ケーシング51は、車室内に送風される送風空気の空気通路を形成するもので、ある程度の弾性を有し、強度的にも優れた樹脂(具体的には、ポリプロピレン)にて成形されている。ケーシング51の送風空気流れ最上流側には、内外気切替装置53が配置されている。内外気切替装置53は、ケーシング51内へ内気(車室内空気)と外気(車室外空気)とを切替導入するものである。
内外気切替装置53は、ケーシング51内へ内気を導入させる内気導入口及び外気を導入させる外気導入口の開口面積を、内外気切替ドアによって連続的に調整して、内気の導入風量と外気の導入風量との導入割合を変化させることができる。内外気切替ドアは、内外気切替ドア用の電動アクチュエータによって駆動される。この電動アクチュエータは、制御装置60から出力される制御信号によって、その作動が制御される。

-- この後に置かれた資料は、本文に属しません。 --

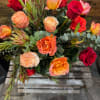 Love Alight contains approximately 12 roses and mixture of greens with some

内外気切替装置53の送風空気流れ下流側には、送風機52が配置されている。送風機52は、内外気切替装置53を介して吸入した空気を車室内へ向けて送風する機能を果たす。送風機52は、遠心多翼ファンを電動モータにて駆動する電動送風機である。送風機52は、制御装置60から出力される制御電圧によって、回転数(すなわち、送風能力)が制御される。
送風機52の送風空気流れ下流側には、室内蒸発器16及びヒータコア22が、送風空気の流れに対して、この順に配置されている。つまり、室内蒸発器16は、ヒータコア22よりも送風空気流れ上流側に配置されている。また、ケーシング51内には、室内蒸発器16を通過した送風空気を、ヒータコア22を迂回させて下流側へ流す冷風バイパス通路55が形成されている。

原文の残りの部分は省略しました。